▶ **Problem to solve**:
Of the lines below, write out exactly those from the line with "Котенок мейн-кун" through the line with "Cold Fusion", both included, and skip the rest.
*** Opening of Dataset records ***
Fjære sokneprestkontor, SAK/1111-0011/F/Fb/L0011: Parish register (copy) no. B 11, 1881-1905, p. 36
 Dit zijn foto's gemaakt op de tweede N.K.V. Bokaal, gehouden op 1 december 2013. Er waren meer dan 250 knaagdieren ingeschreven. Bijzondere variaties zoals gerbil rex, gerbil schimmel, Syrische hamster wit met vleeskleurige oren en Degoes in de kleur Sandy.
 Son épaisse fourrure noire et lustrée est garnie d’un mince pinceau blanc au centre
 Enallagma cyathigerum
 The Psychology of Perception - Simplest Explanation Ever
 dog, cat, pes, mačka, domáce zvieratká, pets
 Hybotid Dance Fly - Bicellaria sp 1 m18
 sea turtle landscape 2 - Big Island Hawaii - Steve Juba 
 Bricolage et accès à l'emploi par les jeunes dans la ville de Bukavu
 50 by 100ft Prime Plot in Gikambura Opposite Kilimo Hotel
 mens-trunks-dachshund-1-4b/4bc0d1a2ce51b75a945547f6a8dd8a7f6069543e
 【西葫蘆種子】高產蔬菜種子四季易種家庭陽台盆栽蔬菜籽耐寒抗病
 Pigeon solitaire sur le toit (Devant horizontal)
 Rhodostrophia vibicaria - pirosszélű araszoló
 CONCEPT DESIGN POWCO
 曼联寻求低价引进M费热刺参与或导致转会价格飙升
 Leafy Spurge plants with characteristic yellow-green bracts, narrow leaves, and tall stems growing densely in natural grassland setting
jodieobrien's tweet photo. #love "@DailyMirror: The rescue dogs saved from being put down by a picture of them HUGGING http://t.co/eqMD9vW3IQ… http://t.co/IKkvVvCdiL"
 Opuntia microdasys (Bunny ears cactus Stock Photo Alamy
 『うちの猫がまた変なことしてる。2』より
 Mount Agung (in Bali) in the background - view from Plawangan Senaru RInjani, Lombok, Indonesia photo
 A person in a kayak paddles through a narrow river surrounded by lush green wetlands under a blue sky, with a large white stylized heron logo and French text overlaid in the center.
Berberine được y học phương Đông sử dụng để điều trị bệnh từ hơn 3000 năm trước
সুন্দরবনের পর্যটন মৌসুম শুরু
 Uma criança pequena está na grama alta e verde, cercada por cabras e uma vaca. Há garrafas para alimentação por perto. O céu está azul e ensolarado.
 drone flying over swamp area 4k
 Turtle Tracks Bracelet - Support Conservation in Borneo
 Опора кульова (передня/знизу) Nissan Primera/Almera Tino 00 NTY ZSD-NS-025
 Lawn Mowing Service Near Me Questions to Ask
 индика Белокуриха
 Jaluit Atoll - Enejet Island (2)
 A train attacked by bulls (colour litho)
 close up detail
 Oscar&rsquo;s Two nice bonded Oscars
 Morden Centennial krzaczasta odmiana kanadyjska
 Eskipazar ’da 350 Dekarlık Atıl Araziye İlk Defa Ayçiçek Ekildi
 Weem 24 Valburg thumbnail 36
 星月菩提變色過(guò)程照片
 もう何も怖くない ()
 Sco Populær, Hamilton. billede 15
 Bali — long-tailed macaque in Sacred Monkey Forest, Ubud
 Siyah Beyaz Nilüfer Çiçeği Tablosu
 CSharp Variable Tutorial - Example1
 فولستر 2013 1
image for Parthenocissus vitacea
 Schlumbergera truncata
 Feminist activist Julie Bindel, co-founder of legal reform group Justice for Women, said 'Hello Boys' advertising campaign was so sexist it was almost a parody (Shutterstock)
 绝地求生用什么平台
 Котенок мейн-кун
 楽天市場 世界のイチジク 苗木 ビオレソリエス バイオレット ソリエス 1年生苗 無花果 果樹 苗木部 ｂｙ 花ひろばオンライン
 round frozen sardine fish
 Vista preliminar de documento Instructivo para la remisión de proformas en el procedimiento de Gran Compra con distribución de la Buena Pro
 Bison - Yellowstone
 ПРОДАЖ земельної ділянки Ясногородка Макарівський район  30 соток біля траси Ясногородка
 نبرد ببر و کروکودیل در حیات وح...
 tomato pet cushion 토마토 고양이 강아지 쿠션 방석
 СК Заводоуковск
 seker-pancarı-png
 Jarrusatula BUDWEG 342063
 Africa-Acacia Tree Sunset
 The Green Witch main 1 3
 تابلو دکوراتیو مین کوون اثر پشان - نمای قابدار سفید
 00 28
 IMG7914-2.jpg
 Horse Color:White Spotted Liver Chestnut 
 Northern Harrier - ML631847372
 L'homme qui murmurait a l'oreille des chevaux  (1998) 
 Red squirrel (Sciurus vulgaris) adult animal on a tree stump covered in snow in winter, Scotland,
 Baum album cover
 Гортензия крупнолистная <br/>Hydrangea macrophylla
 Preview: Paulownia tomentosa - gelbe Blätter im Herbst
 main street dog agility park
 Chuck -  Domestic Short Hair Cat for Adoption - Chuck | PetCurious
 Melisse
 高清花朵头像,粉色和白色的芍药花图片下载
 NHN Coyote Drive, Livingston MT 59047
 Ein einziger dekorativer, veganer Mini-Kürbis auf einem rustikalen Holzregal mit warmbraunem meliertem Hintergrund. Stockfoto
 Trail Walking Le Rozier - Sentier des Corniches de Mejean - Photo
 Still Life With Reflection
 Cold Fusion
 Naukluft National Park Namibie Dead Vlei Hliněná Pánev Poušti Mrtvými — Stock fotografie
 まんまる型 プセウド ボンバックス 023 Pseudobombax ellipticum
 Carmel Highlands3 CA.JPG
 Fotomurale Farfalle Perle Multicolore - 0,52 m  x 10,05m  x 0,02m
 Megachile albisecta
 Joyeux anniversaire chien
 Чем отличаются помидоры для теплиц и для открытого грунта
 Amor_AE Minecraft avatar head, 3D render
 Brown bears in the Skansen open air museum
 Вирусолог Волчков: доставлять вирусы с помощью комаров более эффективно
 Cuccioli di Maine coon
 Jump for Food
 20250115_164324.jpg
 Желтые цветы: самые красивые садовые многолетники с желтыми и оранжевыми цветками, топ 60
*** Close of Dataset records ***
▶ **Exercise response**:
 Котенок мейн-кун
 楽天市場 世界のイチジク 苗木 ビオレソリエス バイオレット ソリエス 1年生苗 無花果 果樹 苗木部 ｂｙ 花ひろばオンライン
 round frozen sardine fish
 Vista preliminar de documento Instructivo para la remisión de proformas en el procedimiento de Gran Compra con distribución de la Buena Pro
 Bison - Yellowstone
 ПРОДАЖ земельної ділянки Ясногородка Макарівський район  30 соток біля траси Ясногородка
 نبرد ببر و کروکودیل در حیات وح...
 tomato pet cushion 토마토 고양이 강아지 쿠션 방석
 СК Заводоуковск
 seker-pancarı-png
 Jarrusatula BUDWEG 342063
 Africa-Acacia Tree Sunset
 The Green Witch main 1 3
 تابلو دکوراتیو مین کوون اثر پشان - نمای قابدار سفید
 00 28
 IMG7914-2.jpg
 Horse Color:White Spotted Liver Chestnut 
 Northern Harrier - ML631847372
 L'homme qui murmurait a l'oreille des chevaux  (1998) 
 Red squirrel (Sciurus vulgaris) adult animal on a tree stump covered in snow in winter, Scotland,
 Baum album cover
 Гортензия крупнолистная <br/>Hydrangea macrophylla
 Preview: Paulownia tomentosa - gelbe Blätter im Herbst
 main street dog agility park
 Chuck -  Domestic Short Hair Cat for Adoption - Chuck | PetCurious
 Melisse
 高清花朵头像,粉色和白色的芍药花图片下载
 NHN Coyote Drive, Livingston MT 59047
 Ein einziger dekorativer, veganer Mini-Kürbis auf einem rustikalen Holzregal mit warmbraunem meliertem Hintergrund. Stockfoto
 Trail Walking Le Rozier - Sentier des Corniches de Mejean - Photo
 Still Life With Reflection
 Cold Fusion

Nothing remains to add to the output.